US 11,907,713 B2
Apparatuses, methods, and systems for fused operations using sign modification in a processing element of a configurable spatial accelerator
Kermin E. Chofleming, Hudson, MA (US); Chuanjun Zhang, Santa Clara, CA (US); Daniel Towner, Freshford Bath (GB); Simon C. Steely, Jr., Hudson, NH (US); and Benjamin Keen, Marlborough, MA (US)
Assigned to Intel Corporation, Santa Clara, CA (US)
Filed by Intel Corporation, Santa Clara, CA (US)
Filed on Dec. 28, 2019, as Appl. No. 16/729,369.
Prior Publication US 2021/0200540 A1, Jul. 1, 2021
Int. Cl. G06F 9/30 (2018.01); G06F 15/80 (2006.01)

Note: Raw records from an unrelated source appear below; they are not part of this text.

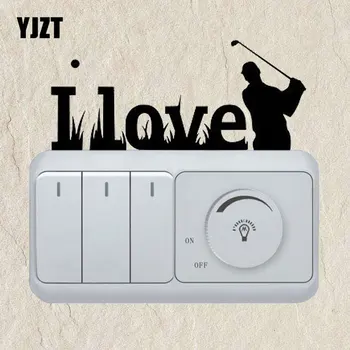 

YJZT I Love Golf Phrase Golf Player Man Sports Vinyl Switch Decor Wall Sticker Decal 8SS2287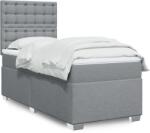 vidaXL világosszürke szövet rugós ágy matraccal 90 x 200 cm (3292685)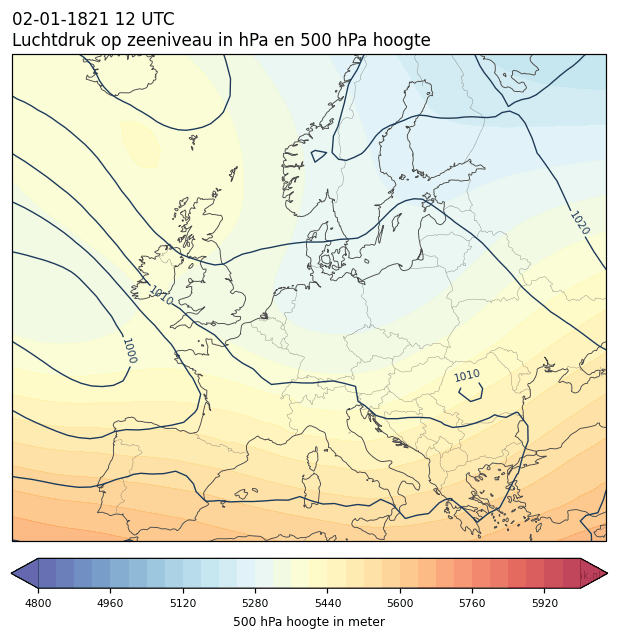 Weerkaart van 2 januari 1821 om 12 UTC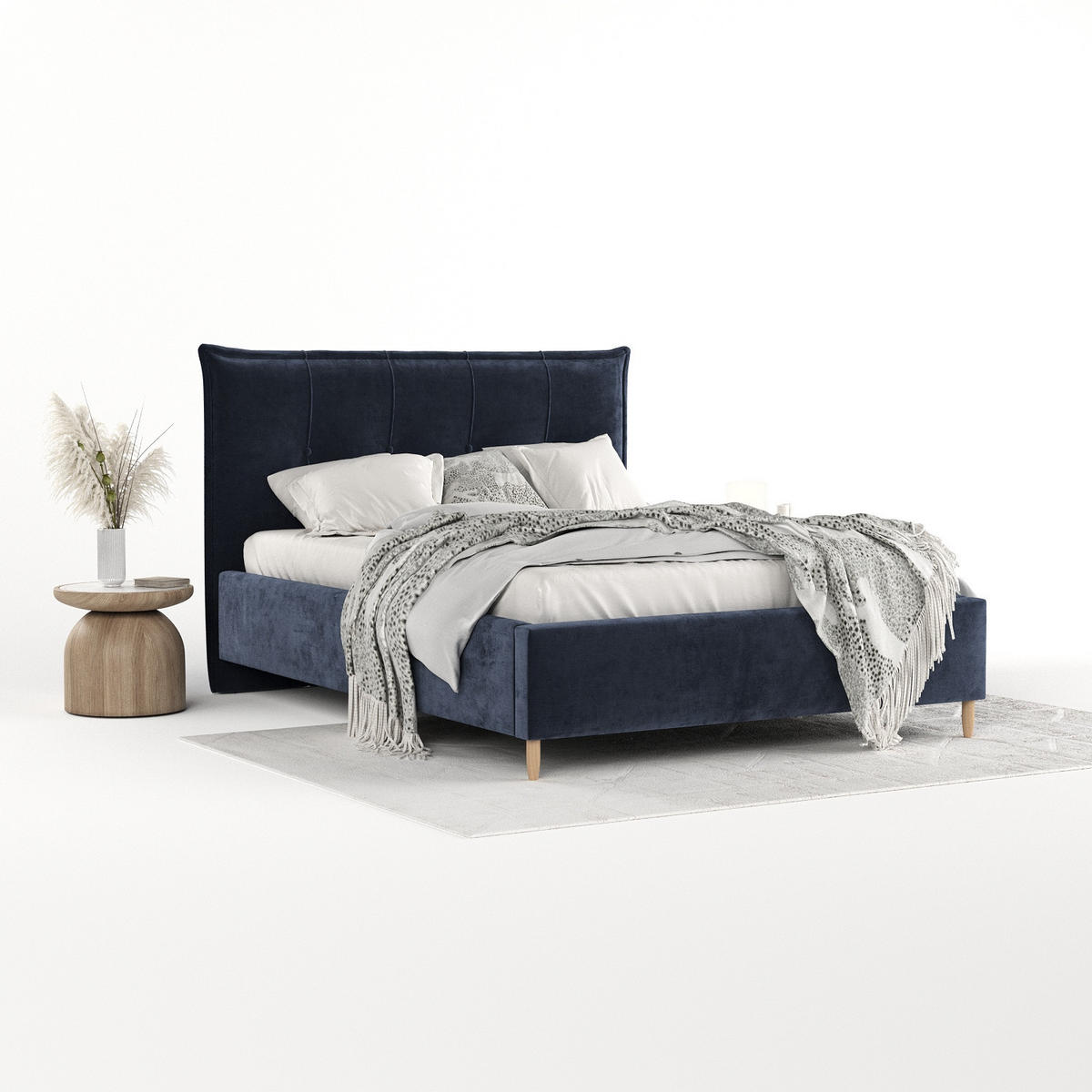 POLSTERBETT Plaza 160/200 cm Marineblau im Lotta Stoff - Naturfarben/Dunkelblau, Holz/Holzwerkstoff (160/200cm) - AltaBeds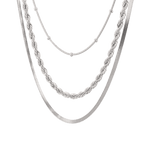 Rope Trinity Silver Chain Necklace Set by Lavana, three layered chains with rope middle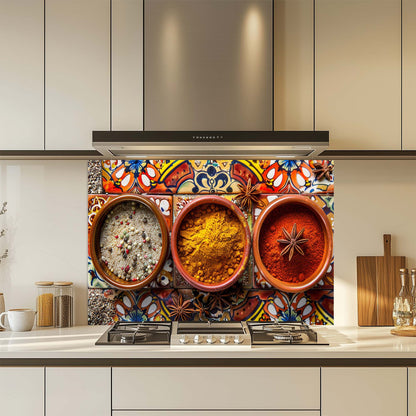 Spice Harmony – Tempered Glass Backsplash for Kitchen | Colorful Spice Bowls Backsplash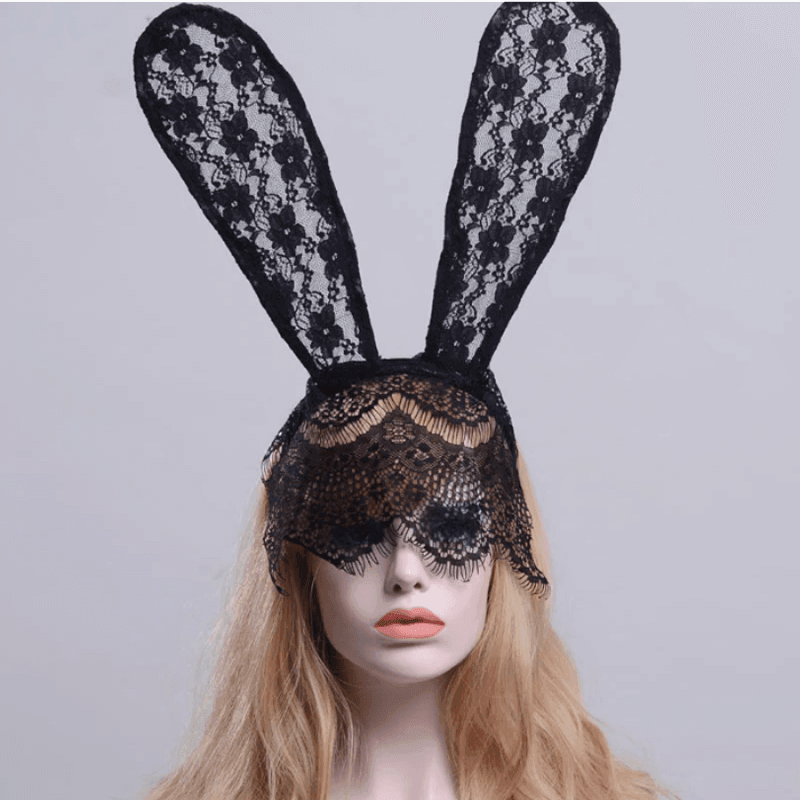 Hasenohren Maske Lace Flowers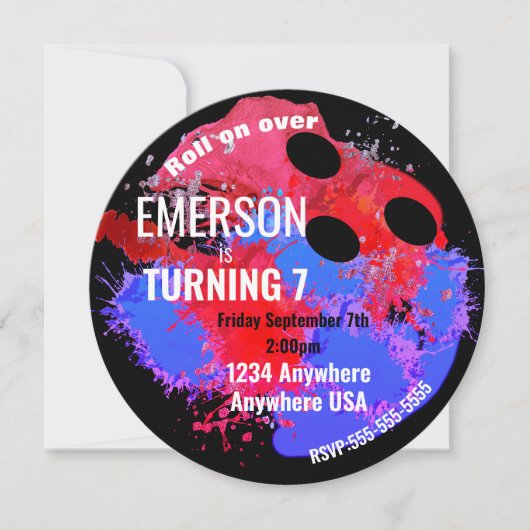 BOWLING BALL, bowling, Glow bowling verjaardagsfee Kaart (Voorkant)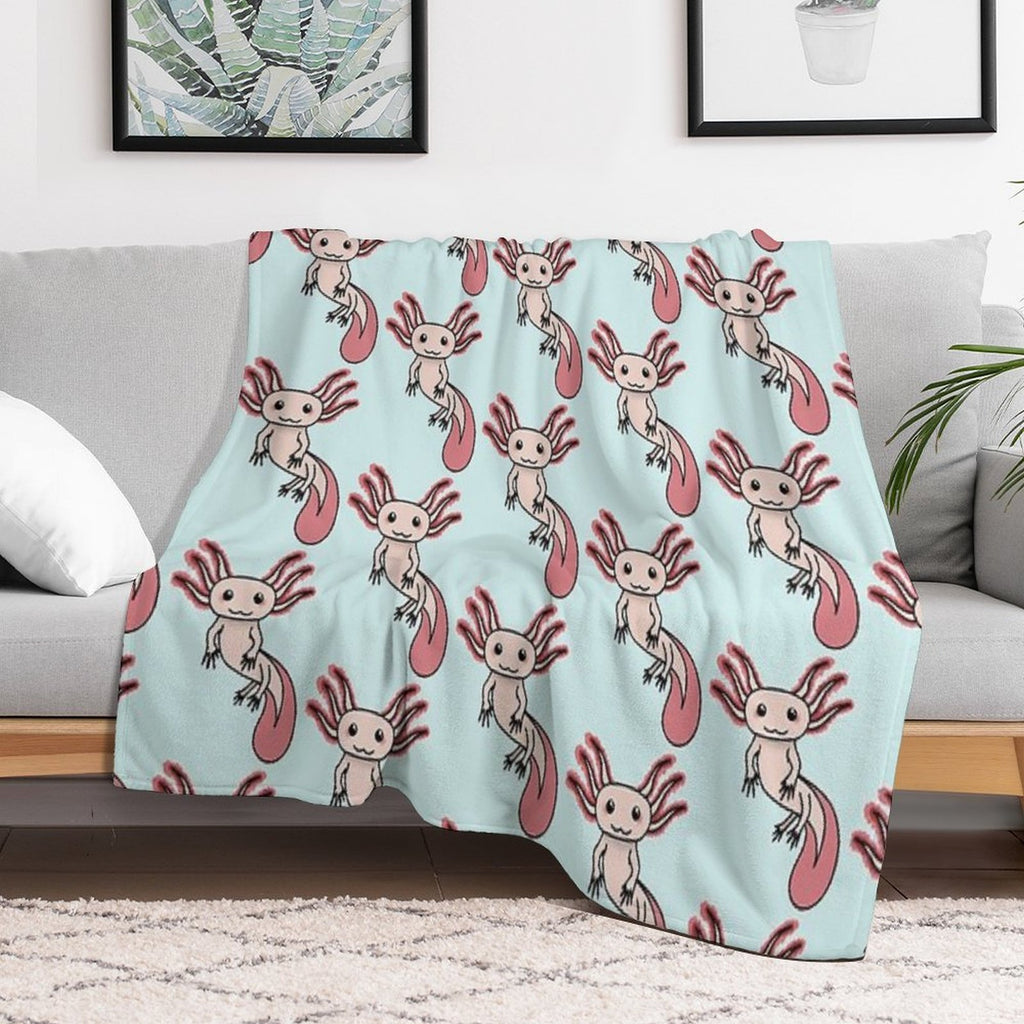 Chibi Axolotl Plush Throw Blanket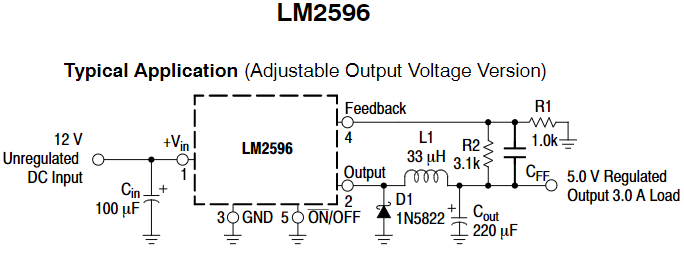 LM2596线性稳压器资料及电路图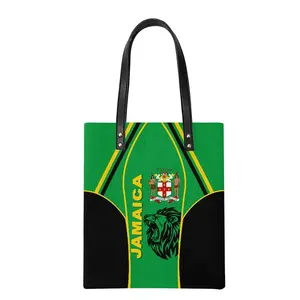 Fashion Designer Print On Demand Jamaica Style Lion Emblem Leather Tote Shoulder Bag Woman Leather Custom Shoulder Bag With Log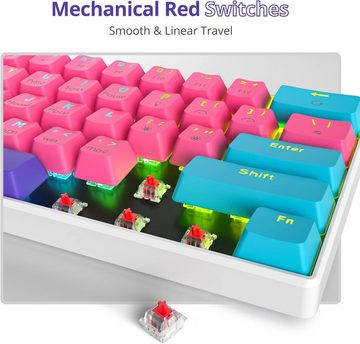 SOLIDEE RGB-Hintergrundbeleuchtung Gaming-Tastatur (Innovative Gaming-Erfahrung,Mini 60 % Layout und Linear Roter Schalter)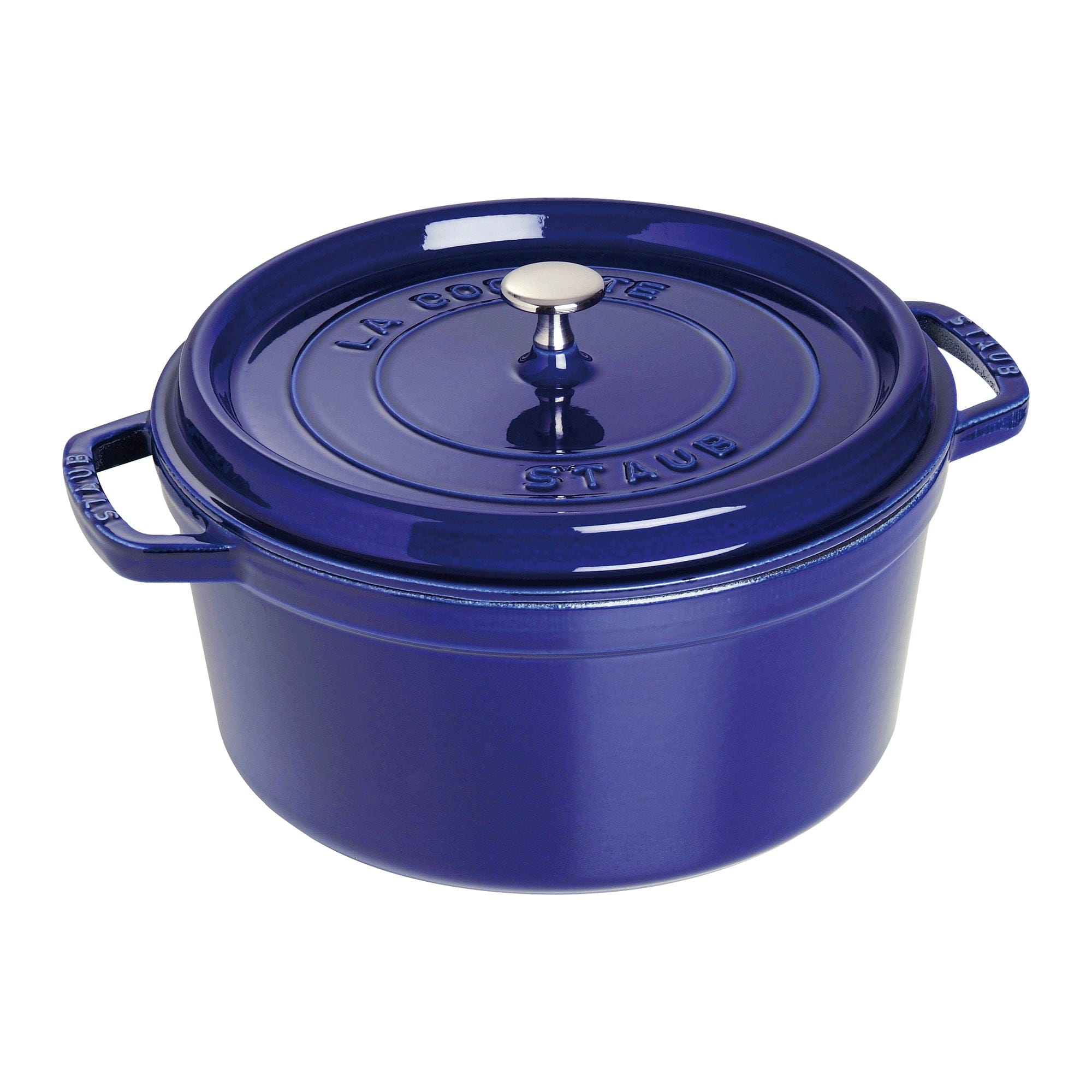 Staub Cast Iron 7-qt Round Cocotte - Dark Blue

CPC G06F 9/3001 (2013.01) [G06F 9/30181 (2013.01); G06F 15/80 (2013.01)] 24 Claims
OG exemplary drawing
 
1. An apparatus comprising:
a plurality of processing elements; and
a hardware network between the plurality of processing elements to transfer values between the plurality of processing elements,
wherein a processing element of the plurality of processing elements comprises:
a first plurality of input queues having a multiple bit width coupled to the hardware network,
at least one first output queue having the multiple bit width coupled to the hardware network,
a second one or more input queues coupled to the hardware network and having a second width that is narrower than the multiple bit width of the first plurality of input queues,
operation circuitry coupled to the first plurality of input queues having the multiple bit width,
a sign modification circuit coupled to the first plurality of input queues having the multiple bit width and the second one or more input queues having the second width, and
a configuration register within the processing element to store a configuration value comprising a sign modification field that causes the sign modification circuit to modify a sign bit of a value from the first plurality of input queues according to the sign modification field to create a sign modified value, and the configuration value causes the operation circuitry to perform a selected operation of a plurality of operations on a value from the first plurality of input queues and the sign modified value to create a resultant value, and store the resultant value in the at least one first output queue, wherein the sign modification field of the configuration register is selectable between storage of a conditional command value that causes the sign modification circuit to use a value stored, by another processing element, in the second one or more input queues to control the modification of the sign bit, and an unconditional command value that unconditionally controls the modification of the sign bit by the sign modification circuit.